Given a binary search tree (BST), find the lowest common ancestor (LCA) of two given nodes in the BST.

For example, consider the following BST:

```

6

/ \

2 8

/ \ / \

0 4 7 9

/ \

3 5

```

* The LCA of nodes `2` and `8` is `6`.

* The LCA of nodes `2` and `4` is `2`, since a node can be a descendant of itself.

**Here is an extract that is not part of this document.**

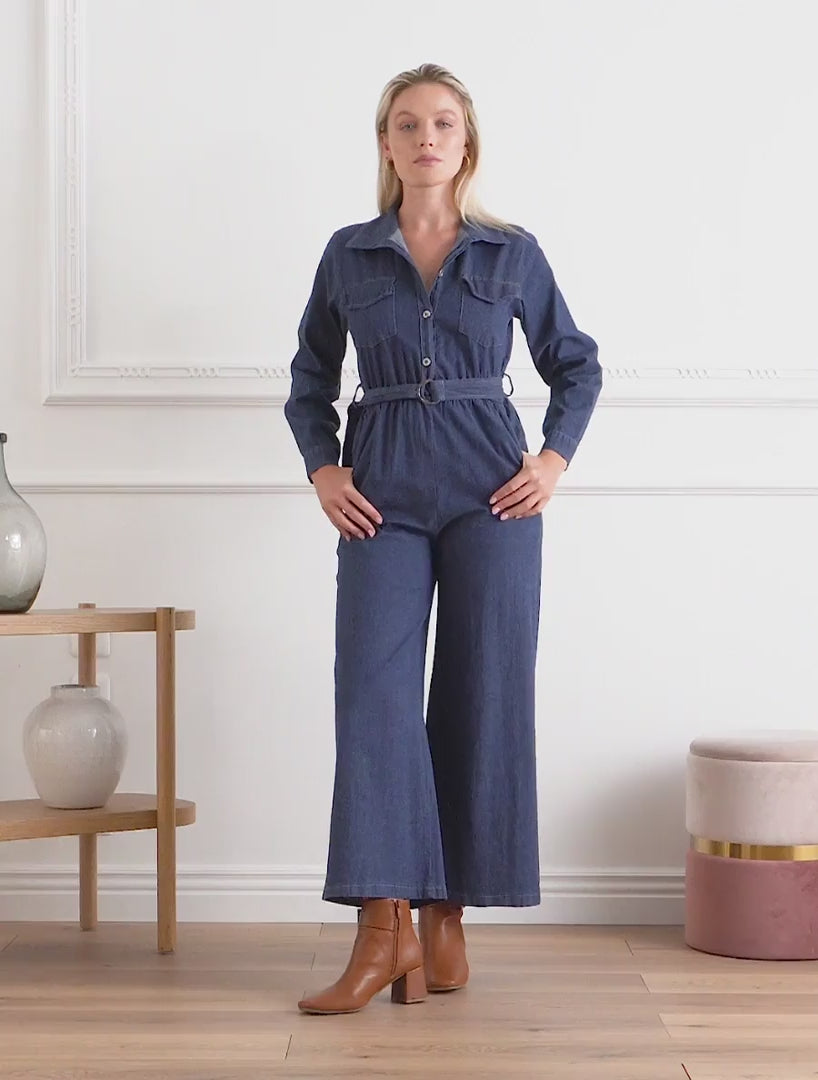 Combinaison en denim col à pied - Bleu denim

* The LCA of nodes `3` and `5` is `4`.

### The Solution

The properties of a BST make finding the LCA particularly efficient.

We can start at the root of the tree and use the values of `p` and `q` to decide where to go next.

Let's consider the current node we are at, let's call it `current`.

1. If both `p` and `q` are **greater** than `current.val`, it means that the LCA must be in the **right** subtree. So, we move to the right child.

2. If both `p` and `q` are **less** than `current.val`, it means that the LCA must be in the **left** subtree. So, we move to the left child.

3. If one of `p` or `q` is greater than `current.val` and the other is less than `current.val` (or if one of them is equal to `current.val`), then `current` is the LCA.

This is because `p` and `q` are on opposite sides of the current node, meaning it's the split point and thus the lowest common ancestor.

We can implement this logic both iteratively and recursively.

### Iterative Solution

```go

/**

* Definition for a binary tree node.

* type TreeNode struct {

* Val int

* Left *TreeNode

* Right *TreeNode

* }

*/

func lowestCommonAncestor(root, p, q *TreeNode) *TreeNode {

current := root

for current != nil {

if p.Val > current.Val && q.Val > current.Val {

current = current.Right

} else if p.Val < current.Val && q.Val < current.Val {

current = current.Left

} else {

return current

}

}

return nil // Should not be reached in a valid BST

}

```

### Recursive Solution

```go

/**

* Definition for a binary tree node.

* type TreeNode struct {

* Val int

* Left *TreeNode

* Right *TreeNode

* }

*/

func lowestCommonAncestor(root, p, q *TreeNode) *TreeNode {

if root == nil {

return nil

}

if p.Val > root.Val && q.Val > root.Val {

return lowestCommonAncestor(root.Right, p, q)

} else if p.Val < root.Val && q.Val < root.Val {

return lowestCommonAncestor(root.Left, p, q)

} else {

return root

}

}

```

Both of these solutions are very efficient, with a time complexity of O(H), where H is the height of the tree. In a balanced BST, this is O(log N), where N is the number of nodes.

The space complexity for the iterative solution is O(1), while the recursive solution has a space complexity of O(H) due to the call stack.

## Conclusion

Trees and Binary Search Trees are powerful data structures that are essential for any programmer's toolkit. By understanding their properties and the algorithms that operate on them, you can solve a wide range of problems efficiently.

The Lowest Common Ancestor problem is a perfect example of how the structure of a BST can be leveraged to find an elegant and optimal solution.